La prière unit deux pôles : l’un faible, fragile et minuscule, mon âme ; l’autre immense et tout-puissant : Dieu !
C’est cela qui est grand et surprenant : que lui, l’immense, ait voulu parler avec moi si petit ; lui, le Créateur, avec moi, créature.
Ce n’est pas moi qui ai voulu la prière. C’est lui qui l’a voulue pour moi.
Ce n’est pas moi qui l’ai cherché, c’est lui qui est venu à moi.
Et je l’aurais cherché en vain s’il n’était venu à moi le premier.
L’espérance sur laquelle repose ma prière vient de ce que Dieu désire ma prière.
Et si je me rends à son appel, c’est parce qu’il est déjà là à m’attendre.
Rappelez-vous que tout au monde est problème, sauf une chose: la charité, l'amour. L'amour seul n'est pas un problème pour celui qui le vit.
Et ce qui me transforme, c'est la charité que Dieu a mise en mon être.
L'amour me transforme lentement en Dieu.
Et le péché n'est pas autre chose que résister à cette transformation, savoir et pouvoir dire "non" à l'amour.
Vivre dans notre égoïsme signifie nous arrêter à notre état d'homme et en empêcher la transformation en charité divine.
La grande richesse du noviciat saharien réside sans aucun doute dans la solitude et la joie de la solitude: le silence. Un silence, un vrai silence, qui pénètre partout, qui envahit tout l'être, qui parle à l'âme avec une force merveilleuse et neuve, une force que l'homme distrait ignore.
Écoute ce qui m'est arrivé.
Quand je suis parti pour le désert, (...) j'avais tout laissé... sauf les idées que j'avais sur Dieu, bien soigneusement résumées dans un gros livre de théologie que j'avais emporté avec moi, là-bas.
Là, sur le sable, je continuais de lire et relire comme si Dieu était contenu dans une idée, comme si avec de belles idées sur Lui je pouvais communiquer avec Lui.
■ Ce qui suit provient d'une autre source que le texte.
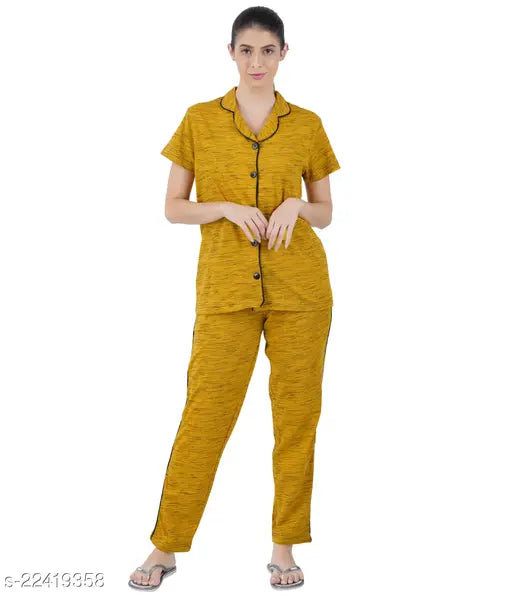 Cotton Sevnix women's solid night suit set, short-sleeved pyjamas in solid pattern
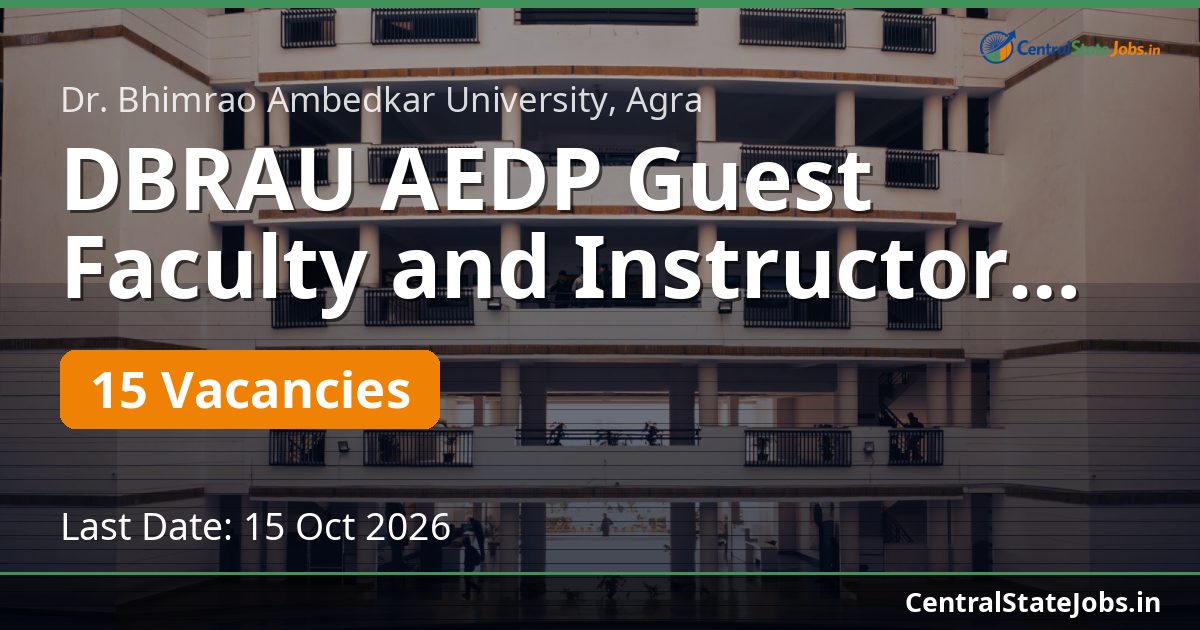 DBRAU AEDP Guest Faculty and Instructor Recruitment 2026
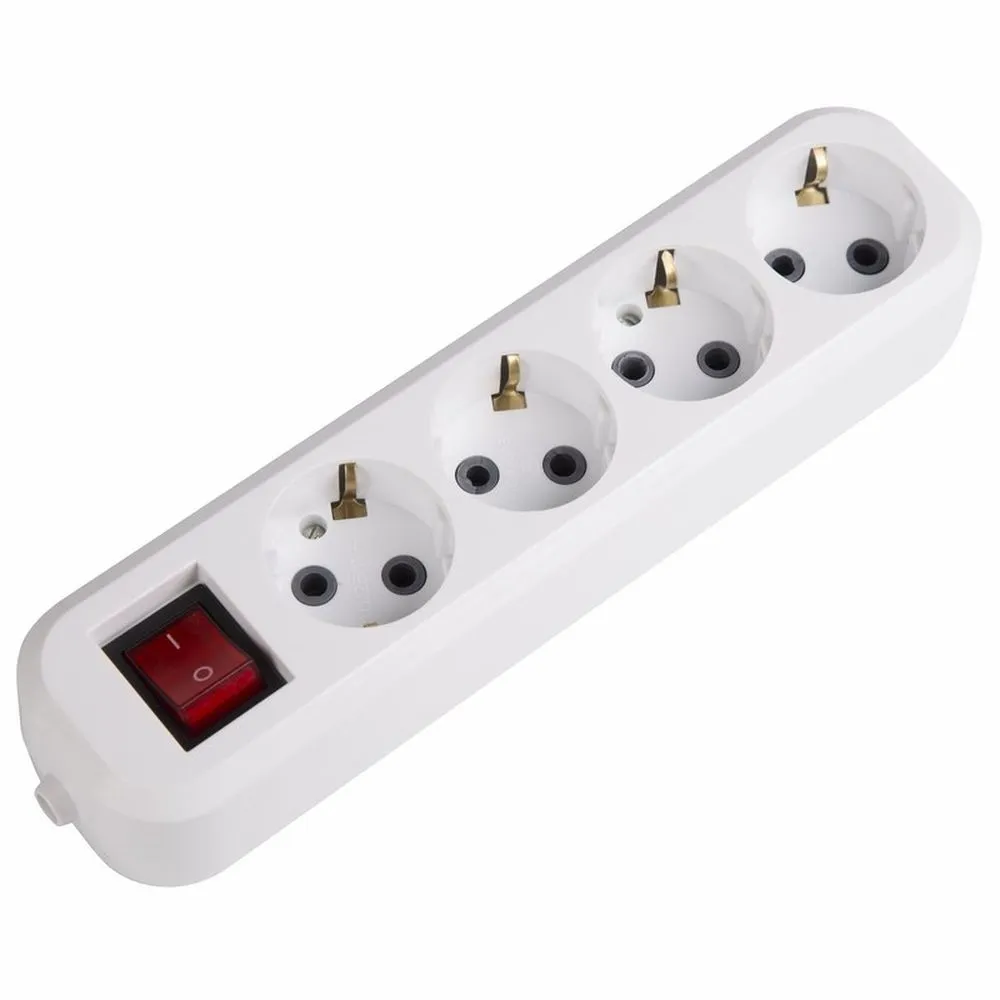 Колодка 4 гнезда с кнопкой c заземлением REXANT REXANT 118716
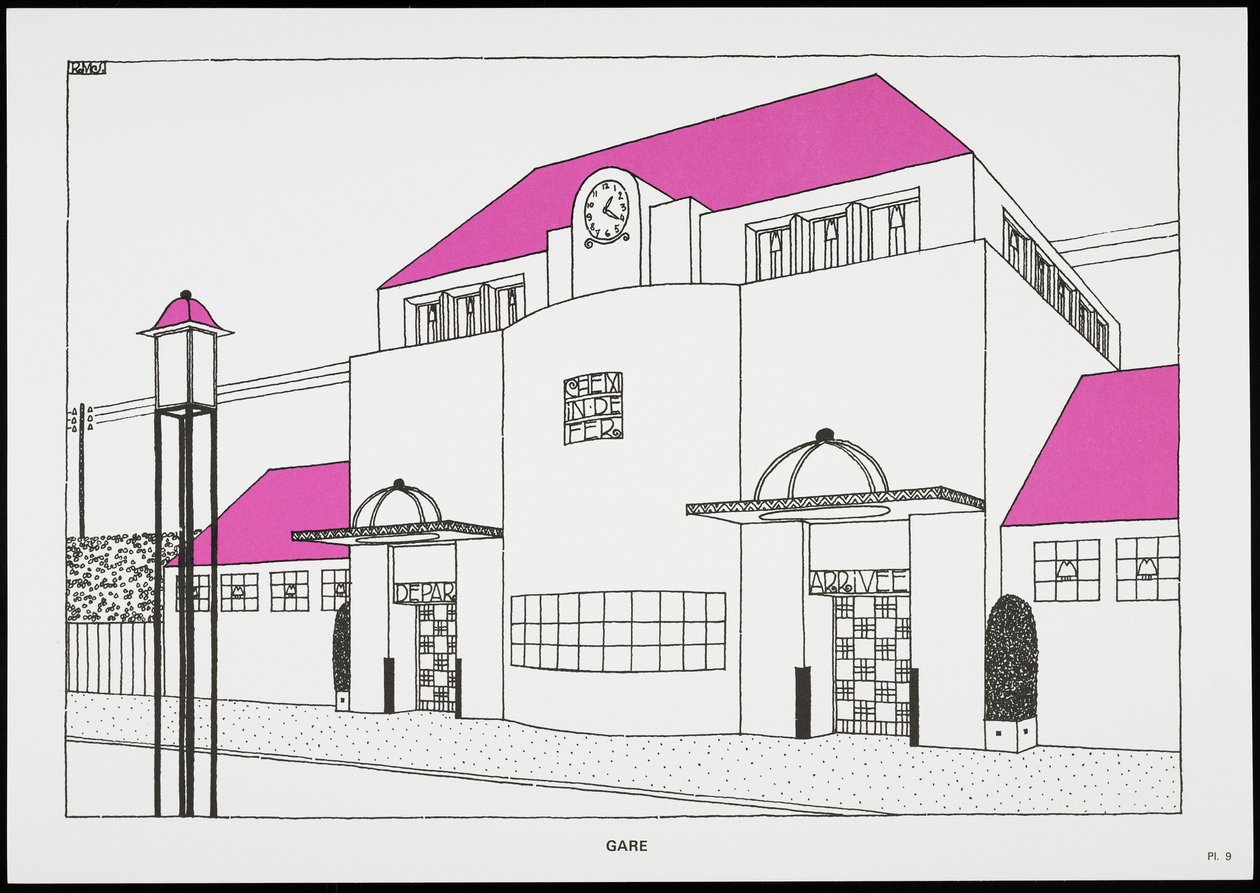 Une Cite ModerneのGare、Rob Mallet-Stevens Architectによるドローイング、1987年（発行） 作： ロバート・マレット・スティーブンス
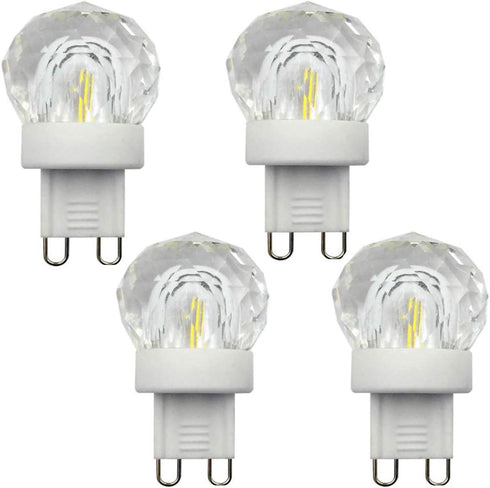 Lxcom Lighting G9 LED Bulb 2W Dimmable, Globe Crystal LED Light Bulbs, 20W Equivalent, Daylight White 6500K, 4 Pack.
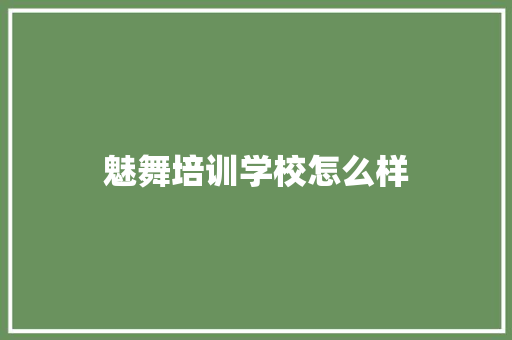 魅舞培训学校怎么样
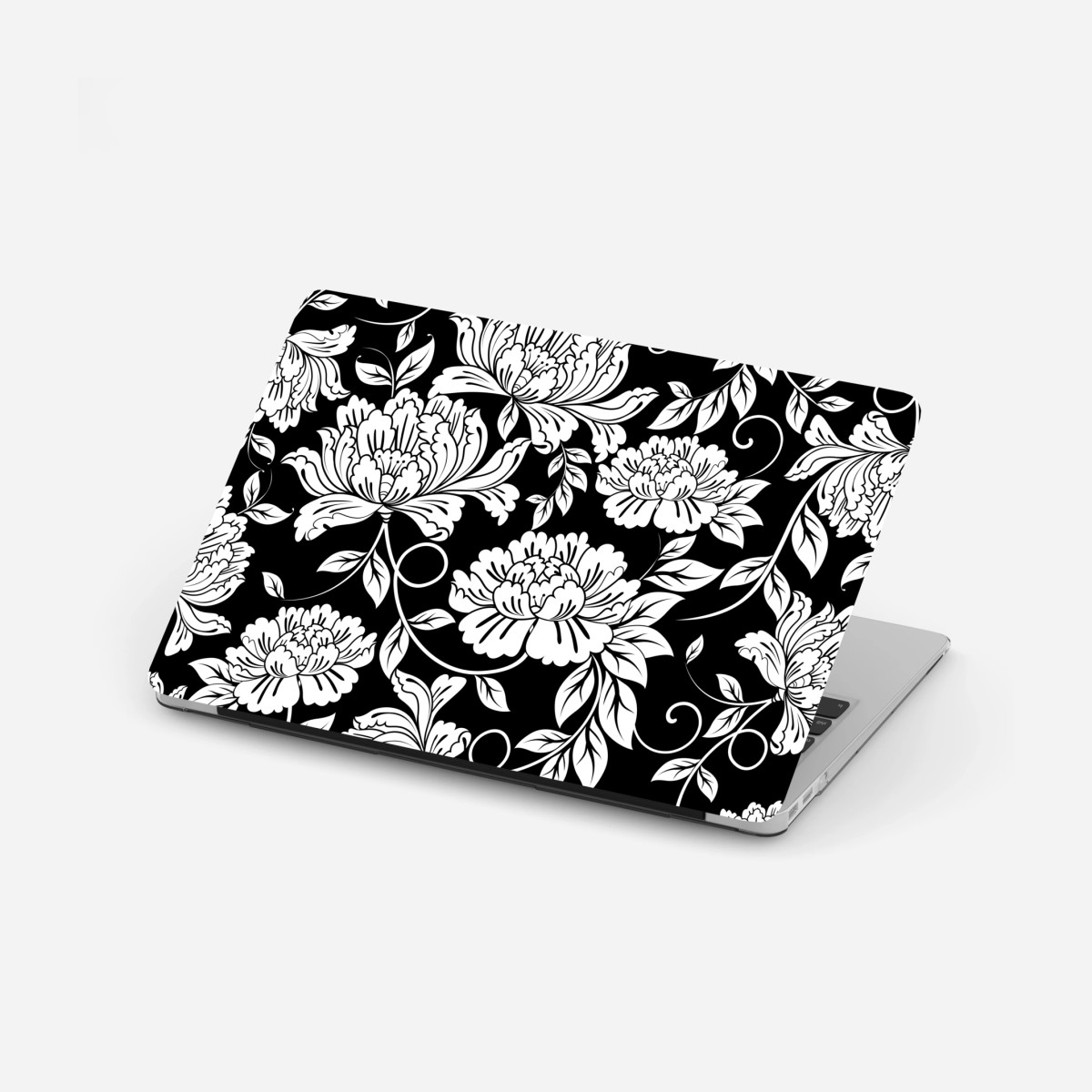 Sticker pour ordinateur portable motif floral noir et blanc élégant – Wallnifity®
Mon maître des novices me disait sans cesse : "Frère Carlo, laisse donc ces livres. Sois pauvre et nu devant l'Eucharistie. Dépouille-toi ! Désintellectualise-toi ! Cherche à aimer, contemple..." (...)
Pour me faire comprendre, pour m'aider au dépouillement, il m'envoya travailler.
Mamma mia !
Travailler dans l'oasis, sous une chaleur infernale, ce n'est pas facile !
J'étais à bout. Quand je rentrais à la Fraternité, je n'en pouvais plus.
Je me jetais sur la natte de la chapelle devant le Saint-Sacrement le dos brisé, la tête en feu. Les idées se volatilisaient comme des oiseaux s'échappent de la cage ouverte.
Je ne savais plus comment commencer à prier. Sec, vide, épuisé ! (...)
Les larmes coulaient sur la gandoura qui enveloppait ma fatigue de pauvre.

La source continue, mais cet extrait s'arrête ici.